Personal information
- Full name: Brian Anthony Clark
- Born: 3 September 1964 (age 61) Bulawayo, Zimbabwe
- Batting: Right-handed
- Bowling: Right-arm leg break

Domestic team information
- 1994–1997: Matabeleland
- First-class debut: 14 January 1994 Matabeleland v Mashonaland Under-24s
- Only List A: 2 March 1997 Matabeleland v Mashonaland

Career statistics
| Competition | FC | LA |
| Matches | 4 | 1 |
| Runs scored | 150 | 3 |
| Batting average | 25.00 | 3.00 |
| 100s/50s | 0/2 | 0/0 |
| Top score | 56 | 3 |
| Balls bowled | 108 | – |
| Wickets | 0 | – |
| Bowling average | – | – |
| 5 wickets in innings | – | – |
| 10 wickets in match | – | n/a |
| Best bowling | – | – |
| Catches/stumpings | 1/– | 0/– |
- Source: Cricket Archive (subscription required), 6 June 2012

= Brian Clark (cricketer) =

Zimbabwean cricketer (born 1964)

Brian Clark (born 3 September 1964) was a Zimbabwean cricketer. He was a right-handed batsman and a leg-break bowler who played for Matabeleland. He was born in Bulawayo.
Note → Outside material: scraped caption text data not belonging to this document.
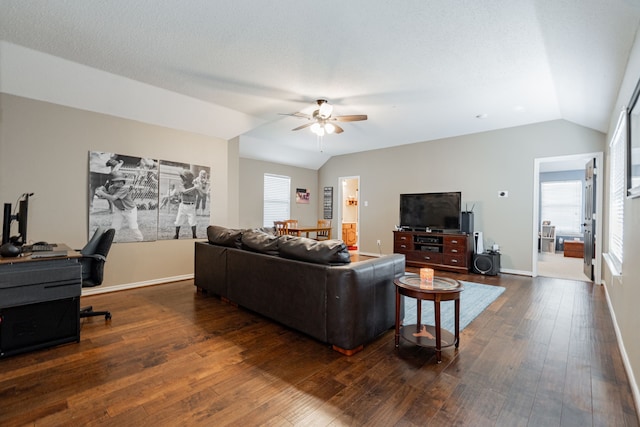 796 Ridge Rd W, Rockwall, TX 75087 - living area featuring lofted ceiling, a ceiling fan, dark wood-style floors, plenty of natural light, and baseboards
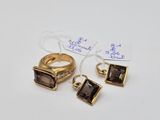 two rings and a pair of earrings are on a white surface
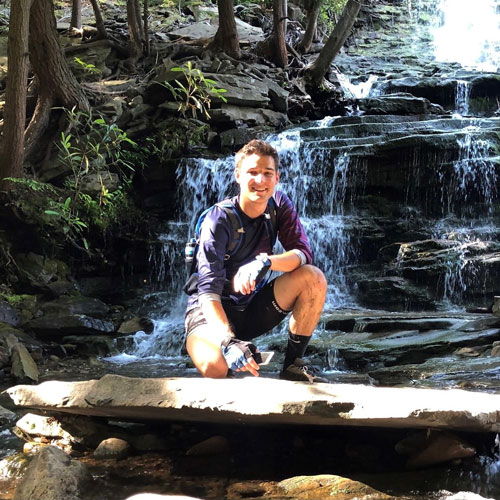Lucas Snedeker outdoors by falls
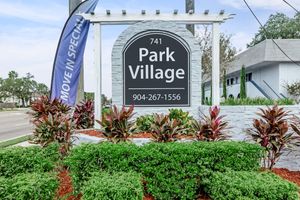 A sign for "Park Village" located at 741, featuring a phone number (904-267-1556) and surrounded by decorative plants and landscaping. A banner reading "Move In Special" is visible to the left, indicating an attraction or promotion.
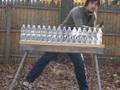 videos de Knife cutting 16 bottles.
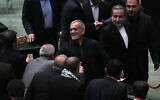 Iranian President Masoud Pezeshkian, center, is greeted by lawmakers while leaving the parliament after his speech during the debate on his proposed ministers, at the Majlis in Tehran, August 21, 2024.  (AP Photo/Vahid Salemi)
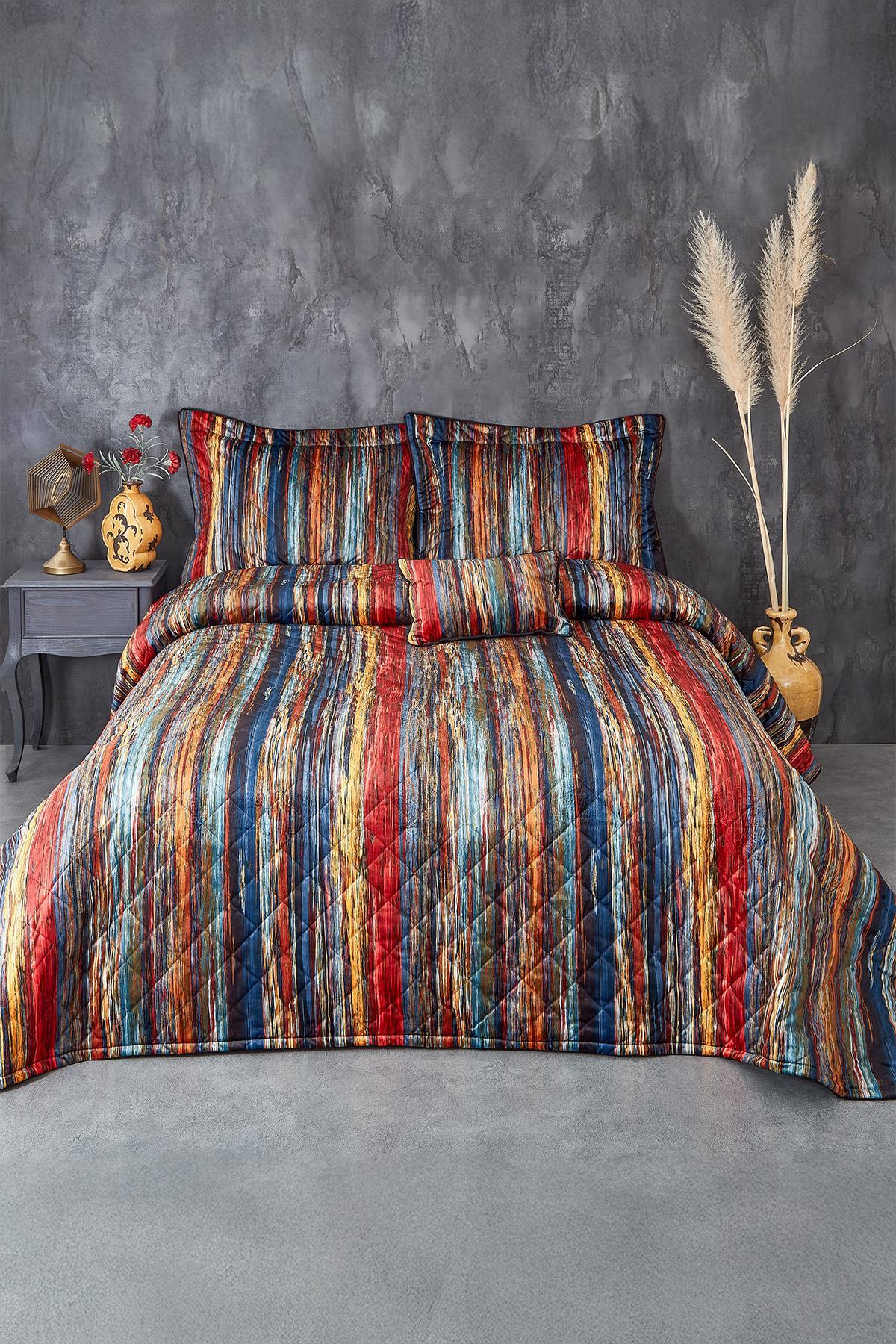 Colorful striped double bedspread and pillow set in a modern bedroom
Clark made three appearances in the Logan Cup competition of 1993-94, scoring a half century in his debut innings. His second first-class match was slightly more successful still, as he scored a career-best 56 runs in an innings victory, in which he partnered four-time Test cricketer Wayne James to James' highest first-class score of 215 runs.

Clarke was an upper-middle order batsman and an occasional bowler, though he failed to secure a single wicket in 18 overs of bowling.